Connect SuperML | Leeroopedia MCP: Equip your AI agents with best practices, code verification, and debugging knowledge. Powered by Leeroo — building Organizational Superintelligence. Contact us at founders@leeroo.com.

Implementation:Evidentlyai Evidently Legacy Data Quality Calculations

From Leeroopedia
Knowledge Sources
Domains ML Monitoring, Data Quality
Last Updated 2026-02-14 12:00 GMT

Overview

Provides calculation functions for data quality statistics, including per-feature descriptive statistics, correlation analysis (Pearson, Spearman, Kendall, Cramer's V), and distribution computation for the legacy Evidently pipeline.

Description

This module computes comprehensive data quality metrics for individual features and entire datasets. It is used by Evidently's legacy data quality metrics to generate statistics about missing values, unique counts, distributions, and inter-feature correlations.

Data models:

  • FeatureQualityStats -- A dataclass capturing quality statistics for a single feature. Metrics vary by feature type:
    • All types: count, missing_count, missing_percentage, unique_count, unique_percentage, most_common_value, most_common_value_percentage.
    • Numeric: infinite_count, infinite_percentage, min, max, mean, std, percentile_25, percentile_50, percentile_75.
    • Categorical: new_in_current_values_count, unused_in_current_values_count (for reference-current comparison).
    • Datetime: max and min cast to string representation.
  • DataQualityStats -- Aggregates FeatureQualityStats by feature category: num_features_stats, cat_features_stats, datetime_features_stats, target_stats, and prediction_stats.
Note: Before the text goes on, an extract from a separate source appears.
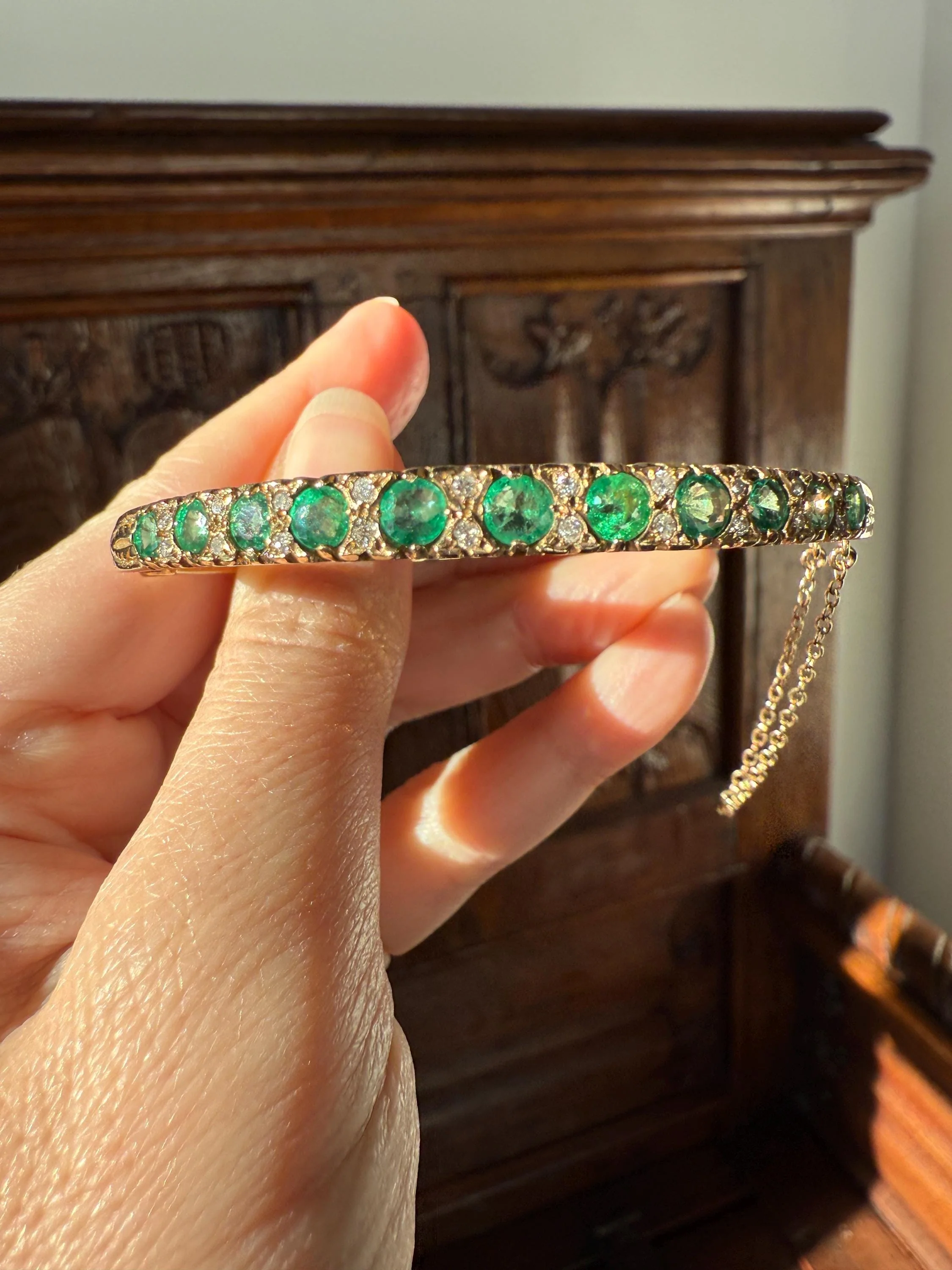 Antique Green Natural EMERALD Single Cut Diamond Hinged Bangle Bracelet 9k Gold Victorian Edwardian Ornate Swirls Not 10k - Image 7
Supports dictionary-style access and a get_all_features() method.

Key functions:

  • get_rows_count -- Returns the number of rows in a DataFrame or Series.
  • get_features_stats -- Computes FeatureQualityStats for a single feature Series given its column type.
  • calculate_data_quality_stats -- Orchestrates quality stat computation across all features in a dataset, categorized by feature type and role (target, prediction).
  • prepare_data_for_plots -- Relabels categorical data for plotting, capping at a maximum number of categories.
  • _select_features_for_corr -- Selects numerical features (for Pearson/Spearman/Kendall) and categorical features (for Cramer's V) that have more than one unique value.
  • _cramer_v -- Computes Cramer's V association measure between two categorical Series using chi-squared contingency.
  • get_pairwise_correlation -- Computes a symmetric pairwise correlation matrix using a given correlation function.
  • _calculate_correlations -- Dispatches correlation computation based on method (pearson, spearman, kendall, cramer_v).
  • calculate_correlations -- Computes all four correlation matrices for a dataset.
  • calculate_cramer_v_correlation -- Computes Cramer's V correlation for one column against a list of other columns, returning a ColumnCorrelations result.
  • calculate_category_correlation -- Computes Cramer's V for a category column against all features.
  • calculate_numerical_correlation -- Computes Pearson, Spearman, and Kendall correlations for a numerical column against all features.
  • calculate_column_distribution -- Computes value counts for a column, returning a dictionary distribution.
  • get_corr_method -- Utility to select the correlation method with fallback logic.

Usage

Used internally by Evidently's DataQualityMetric, ColumnSummaryMetric, and ColumnCorrelationsMetric. Can also be called directly for standalone data quality analysis of pandas DataFrames.

Code Reference

Source Location

Signature

@dataclasses.dataclass
class FeatureQualityStats:
    feature_type: str
    number_of_rows: int = 0
    count: int = 0
    infinite_count: Optional[int] = None
    infinite_percentage: Optional[float] = None
    missing_count: Optional[int] = None
    missing_percentage: Optional[float] = None
    unique_count: Optional[int] = None
    unique_percentage: Optional[float] = None
    percentile_25: Optional[float] = None
    percentile_50: Optional[float] = None
    percentile_75: Optional[float] = None
    max: Optional[Union[int, float, bool, str]] = None
    min: Optional[Union[int, float, bool, str]] = None
    mean: Optional[float] = None
    std: Optional[float] = None
    most_common_value: Optional[Union[int, float, bool, str]] = None
    most_common_value_percentage: Optional[float] = None
    ...

@dataclasses.dataclass
class DataQualityStats:
    rows_count: int
    num_features_stats: Optional[Dict[str, FeatureQualityStats]] = None
    cat_features_stats: Optional[Dict[str, FeatureQualityStats]] = None
    datetime_features_stats: Optional[Dict[str, FeatureQualityStats]] = None
    target_stats: Optional[Dict[str, FeatureQualityStats]] = None
    prediction_stats: Optional[Dict[str, FeatureQualityStats]] = None

def get_rows_count(data: Union[pd.DataFrame, pd.Series]) -> int: ...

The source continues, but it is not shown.